Triumph had only one target for its new Tiger Explorer, explains product manager Simon Warburton: the BMW R1200GS. The big GS Boxer, the most successful motorcycle in the last two-and-a-half decades, sells so well it represents a very substantial chunk of BMW’s production and has been the machine that both created and continues to define the adventure-touring category.
It’s hard to remember that the first R80 G/S was considered an odd duck, neither a dirtbike nor a particularly outstanding streetbike—and with a plank for a saddle. The GS has come a long way, and, these days, many competitors have been aimed in the GS’s general direction but none so precisely as to even begin to dislodge the big BMW from the top of the adventure-touring heap. Triumph intends not to make that mistake: It has attempted to build an adventure-tourer that matches the GS very closely, hopefully duplicating its off-road capabilities while offering superior on-road skills.
The project that would lead to the Tiger Explorer began five years ago, with much more detailed market research, says Warburton, than has been typical of other Triumph projects. That research dictated several key aspects of the big Tiger. First, the bike had to have shaft drive; anything else was simply not an option for the majority of buyers who were considering the GS. Generally, along with comfort and convenience for two, the machine had to offer exemplary durability and reliability. Engine performance was a potential area to outshine BMW but, for Triumph, that meant a new, larger engine, purpose-built for this application. Its prior Tiger engine had already been through a long growth history and was tapped out at 1050cc.
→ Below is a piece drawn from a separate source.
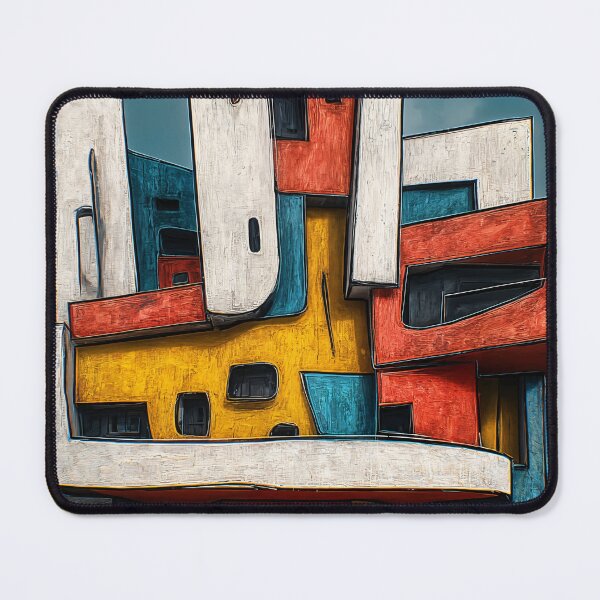 Item preview, Geometric Architectural Marvel Composed of Bright Color Blocks Against Clear Sky designed and sold by OlfactoART Studio.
The new engine would stick to Triumph roots—three cylinders with a balance shaft, twin overhead cams and four valves per cylinder—and offer more. It kept the 71.4mm stroke of the last Tiger 1050 but with a bigger, 85mm bore allowed by a greater bore spacing, resulting in 1215cc while keeping a relatively high, 10,000-rpm redline. The intent was not to slightly exceed BMW Boxer performance but to go well beyond it. Relatively short-duration camshafts allow excellent bottom-end performance, while the high-rpm capability and displacement provide 137 claimed horsepower compared to the 110 of the latest GS. The engine was designed around a wet sump, part of Triumph’s desire to keep external oil lines to a minimum; it even uses an internally integrated water/oil heat exchanger so that an external oil cooler and the resulting plumbing would be unnecessary.
With an ever-increasing demand for electrical accessories, Triumph engineers gave the new engine a 950-watt, externally excited alternator (like that of your car, with variable-output capabilities instead of a typical motorcycle alternator with permanent magnets and a fixed output) mounted behind the cylinders and driven by a small cog off the clutch drive gear. A six-speed gearbox matches the ratio count of the Boxer, while the shaft drive was designed for exceptional reliability. It uses a floating gearcase to give near-neutral anti-squat behavior under acceleration (similar to BMW’s Paralever design but with more neutral tuning) and has both a metalastic, rubber-bonded shaft and a springloaded shock cushion. (The right-angle gear pair that takes power from the gearbox to the shaft drive is part of a bolton unit, allowing Triumph to someday convert this engine to chain drive if required for a different application, though Warburton says there are no immediate plans for this.)
Keihin supplies the ride-bywire intake system and 46mm throttle bodies; the throttle on the handlebar is cable-free, relying instead on two Hall-effect sensors to monitor and relay rider intent electronically to the ECU, which then dictates what the actual throttle butterflies do. Such ride-by-wire makes emissions tuning much easier for a manufacturer, as it prevents unnecessarily rapid throttle openings. It also allows Triumph to very readily make a precise cruise-control system standard on the Tiger; about the only cost for that addition was for a couple of buttons and some development and testing time. Similarly, adding traction control was mostly a matter of software, and every Tiger will come with a three-stage (Levels 1, 2 and “Off ”) TC system.
The chassis follows recent Triumph practice with the Tiger 800. A multi-tube steel frame, using the engine as a stressed member, was chosen for durability and repairability. (The thought is you’re more likely to find a welder capable of sticking steel back together than aluminum if you find such need on an extended tour of Mongolia, for instance.) The wheelbase stretches out just over 60 inches, leaving plenty of room for a rider and passenger while reducing the wheelie potential of an inherently tall motorcycle. Suspension travel is competitive with a standard GS, with 7.5 in. of travel from the 46mm Kayaba fork and 7.6 in. at the rear wheel, provided by a Kayaba shock and a rising-rate linkage. The single-sided swingarm allows the cast rear wheel to be readily removed, while tire sizes are GS standard: 110/80-19 front, 150/70-17 rear. Steering geometry isn’t unusual for the class, with 23.9 degrees of rake and 4.2 in. of trail. A centerstand is standard, as is Nissin-supplied ABS; you cannot buy a Tiger without anti-lock brakes, a trend that will accelerate as the European Union negotiates with motorcycle manufacturers to make anti-lock standard on all motorcycles.